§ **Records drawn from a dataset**
■ ■ ■

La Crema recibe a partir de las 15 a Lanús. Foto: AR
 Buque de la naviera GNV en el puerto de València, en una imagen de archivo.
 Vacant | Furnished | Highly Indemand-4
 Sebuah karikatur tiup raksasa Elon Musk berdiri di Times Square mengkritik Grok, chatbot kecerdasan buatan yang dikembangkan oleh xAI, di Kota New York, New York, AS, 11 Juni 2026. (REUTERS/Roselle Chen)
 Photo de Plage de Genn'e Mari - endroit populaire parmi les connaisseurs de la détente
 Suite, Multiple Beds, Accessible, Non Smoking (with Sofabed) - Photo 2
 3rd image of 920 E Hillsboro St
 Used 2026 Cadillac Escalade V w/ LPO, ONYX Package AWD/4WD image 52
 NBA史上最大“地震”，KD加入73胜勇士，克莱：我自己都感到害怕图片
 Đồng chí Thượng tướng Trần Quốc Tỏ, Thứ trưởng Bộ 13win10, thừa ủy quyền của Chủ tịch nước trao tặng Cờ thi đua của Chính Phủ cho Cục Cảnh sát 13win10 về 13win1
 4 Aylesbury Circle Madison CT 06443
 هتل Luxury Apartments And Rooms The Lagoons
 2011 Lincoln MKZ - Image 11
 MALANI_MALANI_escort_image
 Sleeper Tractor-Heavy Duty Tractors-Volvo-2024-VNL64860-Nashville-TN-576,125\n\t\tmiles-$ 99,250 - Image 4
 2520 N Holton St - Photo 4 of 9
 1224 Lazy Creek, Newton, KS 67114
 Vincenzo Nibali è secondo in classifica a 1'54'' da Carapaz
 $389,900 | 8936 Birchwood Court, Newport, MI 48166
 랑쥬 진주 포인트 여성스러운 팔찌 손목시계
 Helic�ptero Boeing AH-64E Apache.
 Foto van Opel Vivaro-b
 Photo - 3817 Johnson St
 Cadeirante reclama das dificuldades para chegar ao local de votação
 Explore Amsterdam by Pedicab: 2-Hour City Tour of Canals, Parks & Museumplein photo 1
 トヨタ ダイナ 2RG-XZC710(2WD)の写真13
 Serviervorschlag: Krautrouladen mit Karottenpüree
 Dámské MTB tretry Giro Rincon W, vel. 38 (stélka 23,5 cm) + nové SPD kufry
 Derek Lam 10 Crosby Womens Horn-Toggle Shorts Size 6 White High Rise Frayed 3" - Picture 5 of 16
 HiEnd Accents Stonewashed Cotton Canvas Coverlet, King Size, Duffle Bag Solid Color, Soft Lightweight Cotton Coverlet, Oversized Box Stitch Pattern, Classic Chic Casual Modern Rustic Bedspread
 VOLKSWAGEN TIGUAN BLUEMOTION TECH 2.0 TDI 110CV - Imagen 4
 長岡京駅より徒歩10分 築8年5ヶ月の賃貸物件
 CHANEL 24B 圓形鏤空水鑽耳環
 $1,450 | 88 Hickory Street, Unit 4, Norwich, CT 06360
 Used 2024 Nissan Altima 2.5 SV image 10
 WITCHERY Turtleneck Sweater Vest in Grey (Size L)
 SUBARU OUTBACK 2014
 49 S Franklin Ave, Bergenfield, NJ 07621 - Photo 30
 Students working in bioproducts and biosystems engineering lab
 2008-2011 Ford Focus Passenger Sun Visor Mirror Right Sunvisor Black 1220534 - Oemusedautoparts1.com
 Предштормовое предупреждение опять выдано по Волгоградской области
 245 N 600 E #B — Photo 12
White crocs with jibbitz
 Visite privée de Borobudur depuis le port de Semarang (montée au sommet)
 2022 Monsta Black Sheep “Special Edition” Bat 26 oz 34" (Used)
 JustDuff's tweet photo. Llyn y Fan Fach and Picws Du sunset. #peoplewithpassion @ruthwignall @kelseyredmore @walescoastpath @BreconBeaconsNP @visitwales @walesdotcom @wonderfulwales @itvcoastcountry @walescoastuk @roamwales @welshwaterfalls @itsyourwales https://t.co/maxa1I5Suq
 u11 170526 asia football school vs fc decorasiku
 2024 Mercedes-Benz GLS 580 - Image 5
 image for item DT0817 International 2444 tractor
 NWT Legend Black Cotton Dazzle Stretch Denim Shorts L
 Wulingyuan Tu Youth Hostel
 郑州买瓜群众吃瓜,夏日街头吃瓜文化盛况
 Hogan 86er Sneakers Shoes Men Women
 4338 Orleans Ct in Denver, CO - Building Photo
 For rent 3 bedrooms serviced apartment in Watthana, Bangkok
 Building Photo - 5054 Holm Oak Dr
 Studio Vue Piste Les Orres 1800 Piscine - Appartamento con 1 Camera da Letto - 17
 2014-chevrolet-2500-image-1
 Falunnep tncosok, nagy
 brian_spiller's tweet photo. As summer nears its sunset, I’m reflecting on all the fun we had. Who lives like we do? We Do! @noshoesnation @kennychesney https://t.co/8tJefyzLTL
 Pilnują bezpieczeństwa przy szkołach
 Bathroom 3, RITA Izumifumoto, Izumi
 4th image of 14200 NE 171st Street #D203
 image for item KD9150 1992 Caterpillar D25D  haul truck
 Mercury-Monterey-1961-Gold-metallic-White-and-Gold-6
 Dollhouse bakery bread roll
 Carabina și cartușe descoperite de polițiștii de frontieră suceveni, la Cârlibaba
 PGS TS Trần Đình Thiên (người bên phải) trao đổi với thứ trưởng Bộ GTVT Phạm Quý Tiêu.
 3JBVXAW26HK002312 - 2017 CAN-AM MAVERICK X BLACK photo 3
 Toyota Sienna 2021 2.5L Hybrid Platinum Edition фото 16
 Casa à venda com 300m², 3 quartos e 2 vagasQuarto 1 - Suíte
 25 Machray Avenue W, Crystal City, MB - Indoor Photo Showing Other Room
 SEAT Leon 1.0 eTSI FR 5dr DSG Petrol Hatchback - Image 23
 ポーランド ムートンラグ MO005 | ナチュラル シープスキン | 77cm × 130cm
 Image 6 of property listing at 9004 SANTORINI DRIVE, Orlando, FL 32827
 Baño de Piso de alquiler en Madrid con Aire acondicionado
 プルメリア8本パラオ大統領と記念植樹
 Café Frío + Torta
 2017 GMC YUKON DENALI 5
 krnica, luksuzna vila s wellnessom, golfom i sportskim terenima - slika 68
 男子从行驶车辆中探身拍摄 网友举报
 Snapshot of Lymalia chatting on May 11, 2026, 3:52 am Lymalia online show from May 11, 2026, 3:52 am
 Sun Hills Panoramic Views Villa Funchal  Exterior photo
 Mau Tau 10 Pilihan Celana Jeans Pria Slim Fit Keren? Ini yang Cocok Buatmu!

■ ■ ■

§ **What you are asked to do**
Retype the entries exactly from the first line, stopping after the line with "Vacant | Furnished | Highly Indemand-4".

§ **Answer box**
La Crema recibe a partir de las 15 a Lanús. Foto: AR
 Buque de la naviera GNV en el puerto de València, en una imagen de archivo.
 Vacant | Furnished | Highly Indemand-4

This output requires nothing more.